• ASSIGNMENT: The whole listing is to be written out again exactly; the pictures are not.

• MATERIAL SUPPLIED:
◆ ◆ ◆
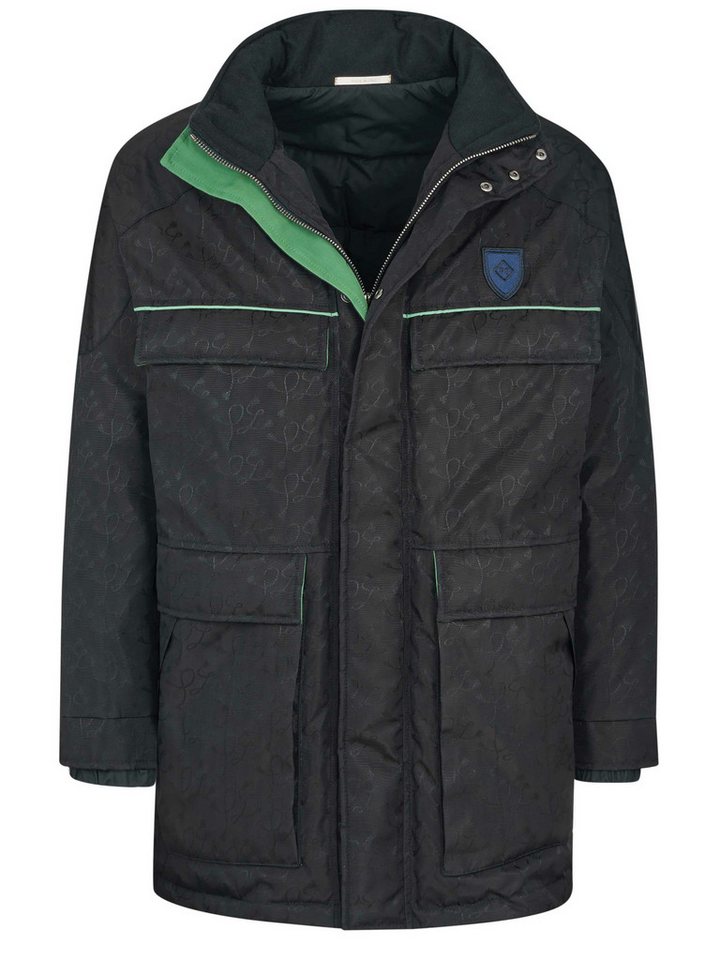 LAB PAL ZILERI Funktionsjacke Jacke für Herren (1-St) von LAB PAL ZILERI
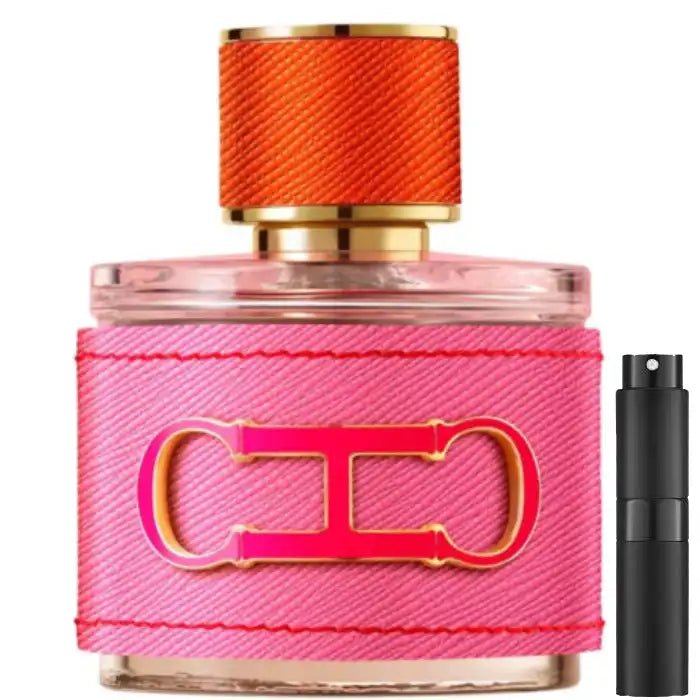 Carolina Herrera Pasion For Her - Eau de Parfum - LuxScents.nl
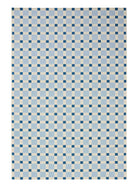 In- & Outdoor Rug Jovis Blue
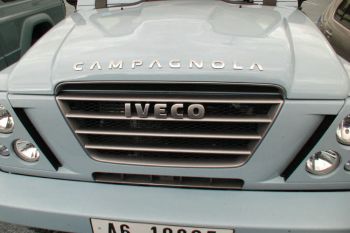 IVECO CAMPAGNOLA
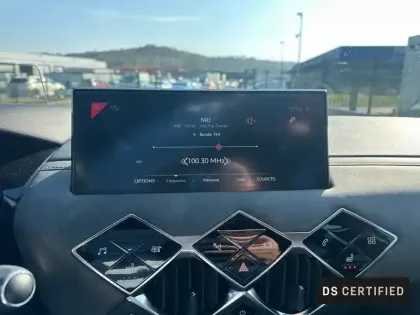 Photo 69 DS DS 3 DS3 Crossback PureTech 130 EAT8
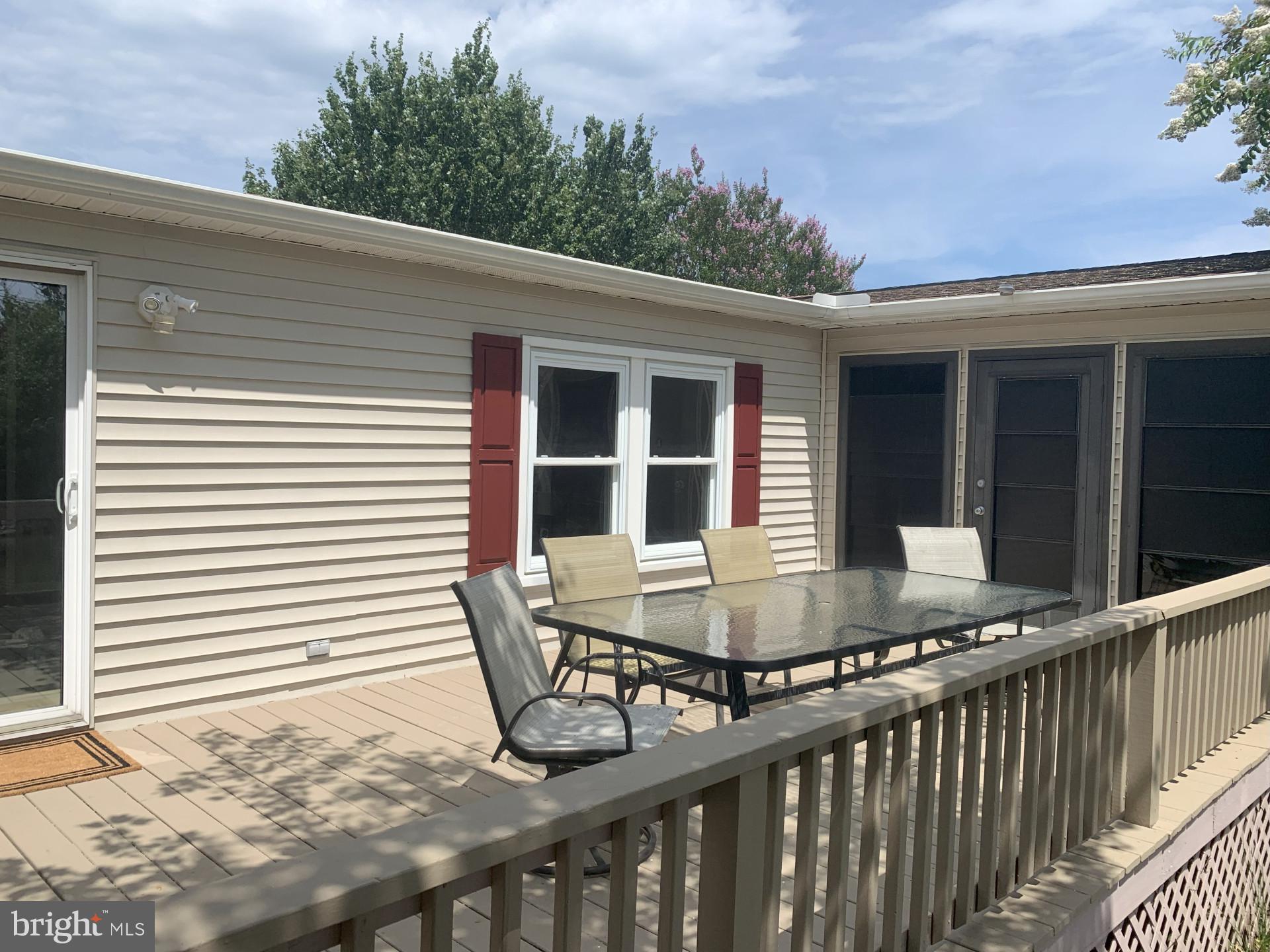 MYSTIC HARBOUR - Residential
◆ ◆ ◆
• EXERCISE OUTPUT:
 LAB PAL ZILERI Funktionsjacke Jacke für Herren (1-St) von LAB PAL ZILERI
 Carolina Herrera Pasion For Her - Eau de Parfum - LuxScents.nl
 In- & Outdoor Rug Jovis Blue
 IVECO CAMPAGNOLA
 Photo 69 DS DS 3 DS3 Crossback PureTech 130 EAT8
 MYSTIC HARBOUR - Residential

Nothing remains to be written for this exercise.